Gänsehaut pur. Bei Stücken wie
"Impossible" oder
"Array Of Light" wird Damian nur von Andrew Holdsworth am Piano begleitet, währenddessen bei
"Commune" oder
"Homegrown" die komplette Band Gas gibt. Während letzteres, genauso wie das Maiden (United)-Cover ‚The Evil That Man Do‘, bei dem Damo einen seiner berüchtigten Ausflüge ins Publikum macht, mit launigen Mitsingparts ausstaffiert wird, gehen einem aber vor allem die ruhigen Akustiktracks unter die Haut.

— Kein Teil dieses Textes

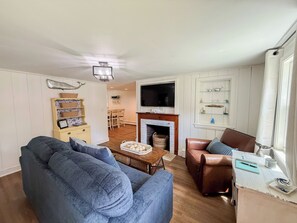 A living room with a sofa, a coffee table, a fireplace, and a television. - Nautical three bedroom sleeping 6 in West Dennis! (West Dennis)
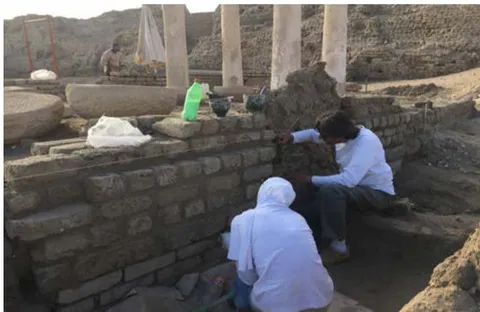 Figure 35: The conservators treat the wall after straightening & supporting.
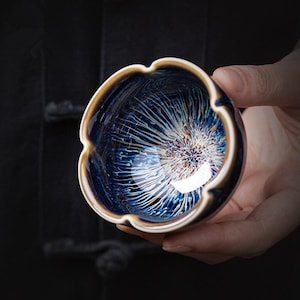 May include: A small ceramic tea bowl with a scalloped rim and a deep blue glaze featuring a radiating white and brown crystalline pattern that resembles a starburst or flower, with a smooth, glossy finish on the interior and exterior surface.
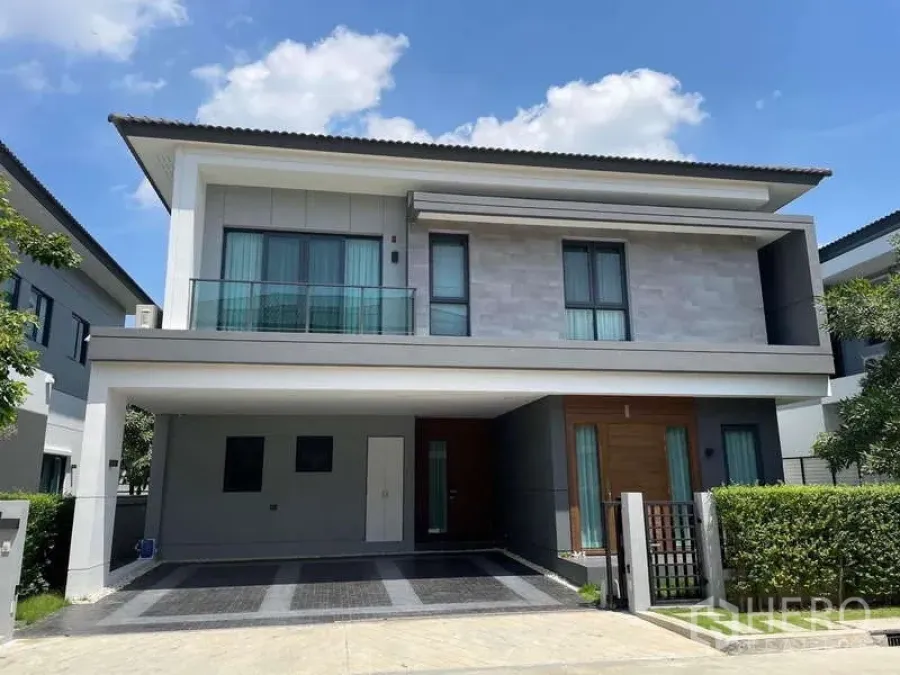 Detached House for rent in Bang Phli, Samut Prakan - Front elevation of the detached house with driveway, gate and trimmed hedges.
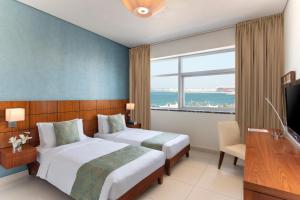 多哈多哈辉盛阁国际公寓的酒店客房设有两张床和窗户。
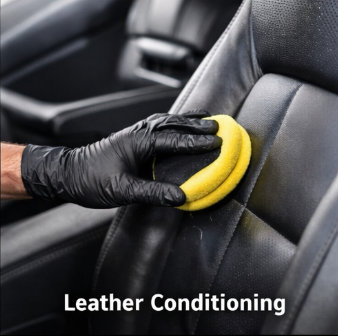 Person wearing black gloves using a yellow sponge to clean and condition a black leather car seat.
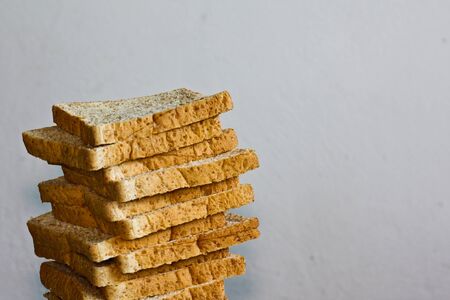 Many piece of bread is stacking up in disorderingの写真素材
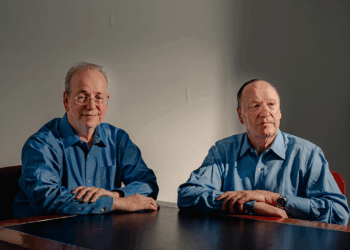 Steven Brill and L. Gordon Crovitz sit at a brown table in front of a gray wall.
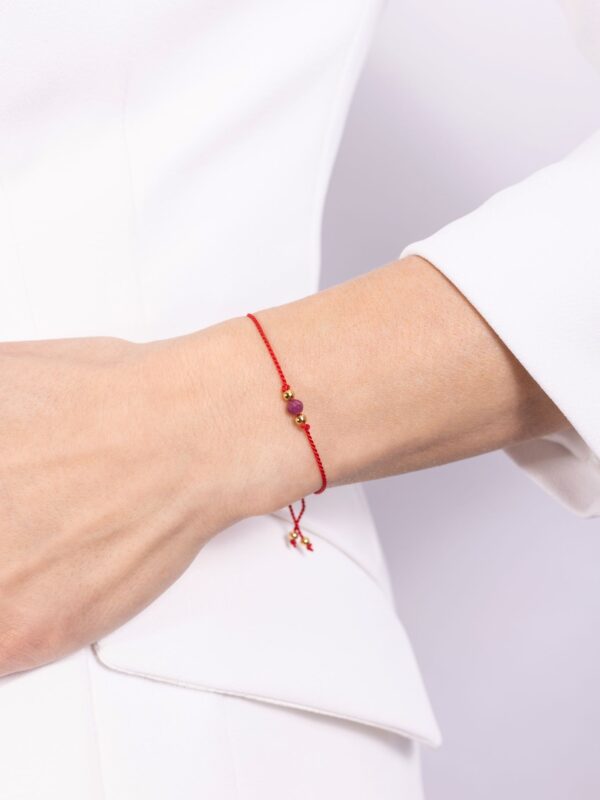 bransoletka z rubinem na czerwonym sznurku na ręce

Ein gutes Beispiel dafür ist die Familienhymne
"Disciple", bei der sich sowohl die Familie mit zwei kleinen Kindern direkt vor der Bühne, als auch der vor mir stehende erwachsene Sohn mit seiner Mutter und diverse Paare in den Armen liegen.
Das ist einfach Musik, die von Herzen kommt und dadurch Herzen berührt und vereint.
Leider ist dieser Rausch der Gefühle nach zwei Zugaben (
"Can You Hear Me?" und
"Thank You" von der neuen EP) und knapp zwei Stunden viel zu schnell vorbei. Aber Damian wäre nicht Damian, wenn er sich nach dem Konzert nicht noch unter`s Volk mischen würde, um Autogramme zu geben, Fotos zu machen oder einfach nur ein wenig zu plaudern.
Es war wie immer ein großes Vergnügen und mit viel positiver Energie aufgeladen, treten wir die lange Heimfahrt an. Und Mister Wilson wünschen wir von ganzem Herzen alles Gute für die nächsten 50 Jahre, cheers Damo!